Character creation is the big one.  I want my character to be different from others.  Playing WoW and having the same 1st level dwarf paladin as everyone else is lame, as is hitting level 80 and having essentially the same one as everyone else because although there are choices in reality everyone chooses the same thing.  HERO is for me the ultimate character creation game.  I used to just make new characters for fun.  For this reason I prefer point based games over level based games.

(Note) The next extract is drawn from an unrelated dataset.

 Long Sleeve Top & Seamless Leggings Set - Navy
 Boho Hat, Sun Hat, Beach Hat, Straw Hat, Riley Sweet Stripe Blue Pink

Combat is the heart of most games.  Therefore I want it to be interesting.  Specifically I want options in combat.  Just attacking over and over again mindlessly gets old fast.  Combat does not have to be realistic.  It should be reasonably fast - I want my turn to be slow but everyone else's to be fast.  And I want combat to vary by setting and foe.  If fighting skeletons on the stairs in the dark is the same as fighting orcs in a grassy field at noon, I have a problem with that.  A problem with point based systems is that actions tend to be simple and similar.  D&D could create incredibly diverse spells because they simply made them up - in HERO the mechanics of creating them tend to make them really play the same.

Skill resolution is the least important.  I want it to be predictable and easy.  If my character is good at sneaking, he should be able to succeed most of the time.  I don't need a lot of rules around it - just a simple mechanic for it.  I have found that having a lot of skills was annoying because it meant that it was hard for a character to be good at what you think they should be good at. 

I am reasonably happy with Savage Worlds.  Characters are somewhat diverse, combat has its options (and you can create more edges to provide more options) and skill resolution is very simple.  What bugs me about it is the lack of attributes really affecting skills, and some specific actions.